鼻紋とは動物の“鼻のシワ”のこと。人間の指紋のようにすべての個体で異なる(写真はイメージ)
環境省のデータによると、2020年4月1日~2021年3月31日の1年間だけで、日本における犬猫の殺処分が2万3764匹となり、毎日65匹もの犬・猫が殺処分されていることになる。殺処分される猫のうち、半数以上が幼齢個体であり、成猫にならず殺処分されている。人間と動物が共存するため、コロナ禍でペット市場が成長し続けるうえでも、動物の殺処分ゼロは重要な課題といえる。

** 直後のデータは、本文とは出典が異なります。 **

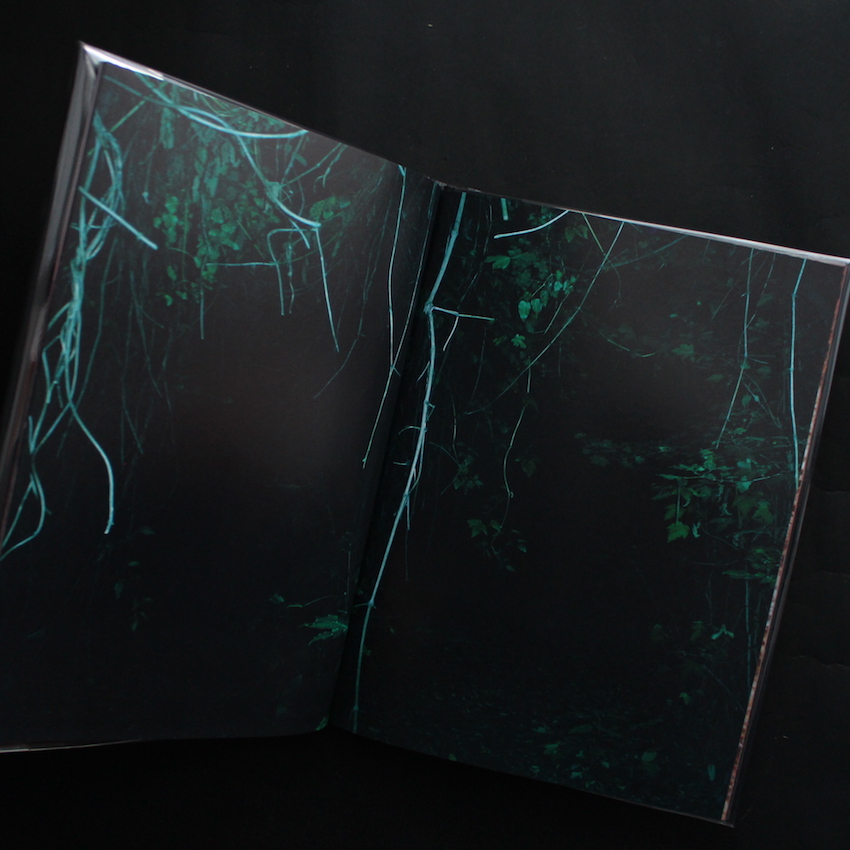 A Recurring Dream（Second Edition, Signed） - Coley Brown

【画像】「鼻紋ってどんなの?」1頭ごとに全然違う! 撮影に苦労する飼い主も…鼻紋登録方法
■義務化されたチップ装着への不安を払拭すべく、個体差ある「鼻紋」に注目
今年6月、動物愛護管理法の改正に伴い、ペットショップなどで販売される犬や猫にマイクロチップの装着や所有者情報の登録等が義務化された。ペットの迷子対策のために、どう普及させていくかが今後のカギとなっている。動物に苦痛を与えるものではないとはいえ、皮膚に注射器で皮膚下に入れるマイクロチップ装着を不安視する飼い主も少なくない。そんな中、今注目されている技術が「鼻紋認証」だ。

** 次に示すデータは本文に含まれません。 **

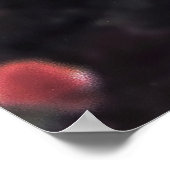 Poster Cardinalfish Portrait (Coin)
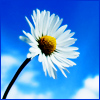 Daisy2.jpg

日本初の「鼻紋認証」機能を実装したペット総合アプリ『Pet』。その開発・運営する株式会社NGAのアレックス・ワンCEOは「ペットを飼っている人も飼っていない人も、人と動物が幸せに暮らせる社会を願うすべての人に知ってほしい」と話す。
昨年11月にリリースした『Pet』は、ペットにまつわる生活情報や里親情報、コミュニティ機能など、ペットと暮らす人に必要な情報が網羅されており、そのすべてが無料で利用ができる。充実の内容がうれしい同アプリだが、アレックスCEOはペットを飼っていないという。

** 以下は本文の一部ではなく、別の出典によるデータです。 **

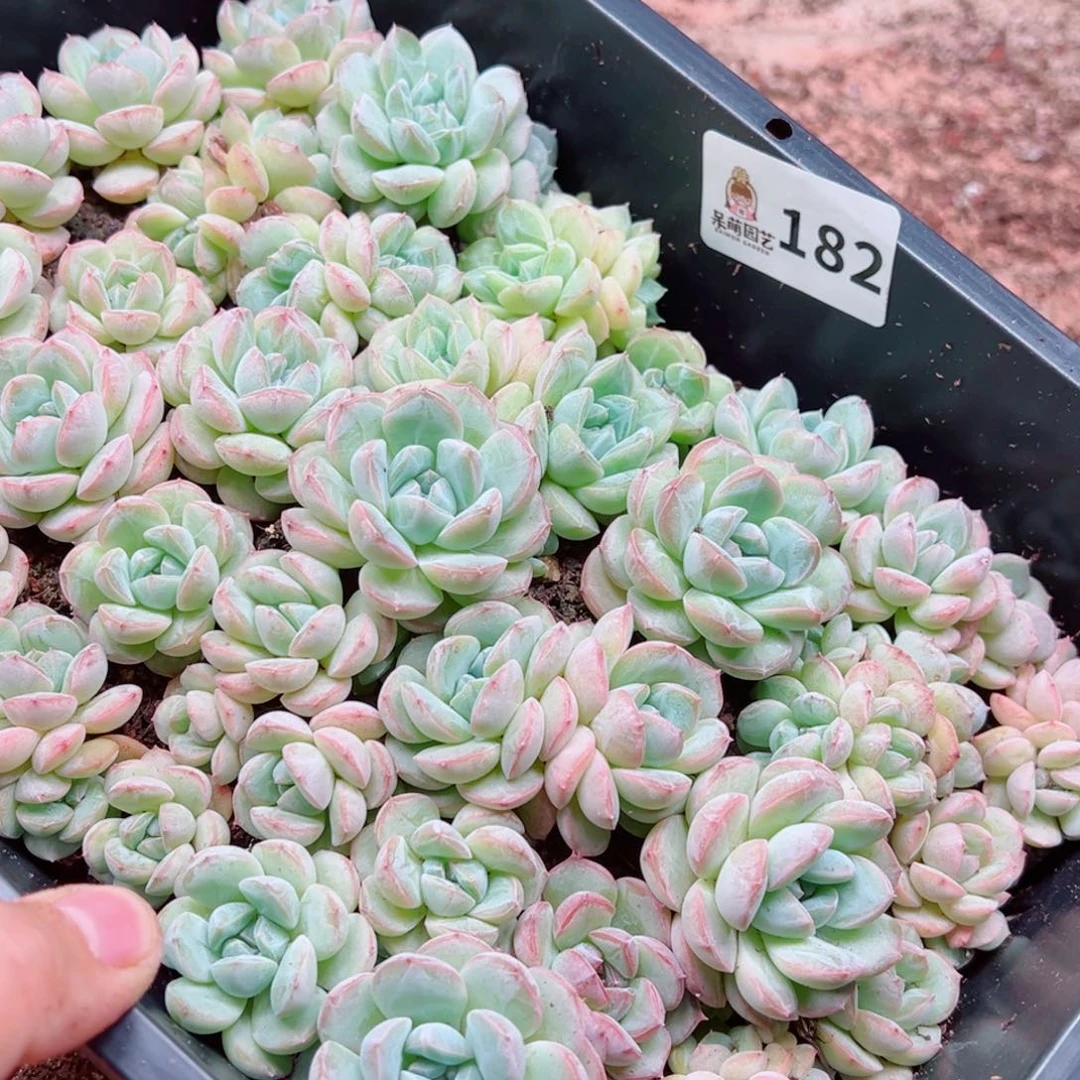 蜜***兔多肉植物多肉植物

「動物が大好きで子どもの頃は犬、猫、ウサギ、たくさんのペットを飼っていました。ところが大人になってからアレルギーになってしまったんです。それでも動物の幸せのために何かしたい。飼いたくても飼えない人も楽しめるサービスがあったら…そう思って開発したのがこのアプリです」(アレックスCEO/以下同)
同氏は続けて「『Pet』が目指すのは動物の“殺処分ゼロの実現”です」と話す。この目標に向けてアレックス氏が着目したのが動物の「鼻紋」だ。鼻紋とは動物の鼻の溝のことで、人間の指紋と同じようにすべての個体で異なる。また生まれてから亡くなるまで模様が変わることがないため、畜産業界では古くから牛の個体識別や証明のために活用されてきた。
同アプリに搭載された「鼻紋認証機能」は、この鼻紋の特性を活用して犬や猫の個体識別ができるように開発されたもので、特許も取得している。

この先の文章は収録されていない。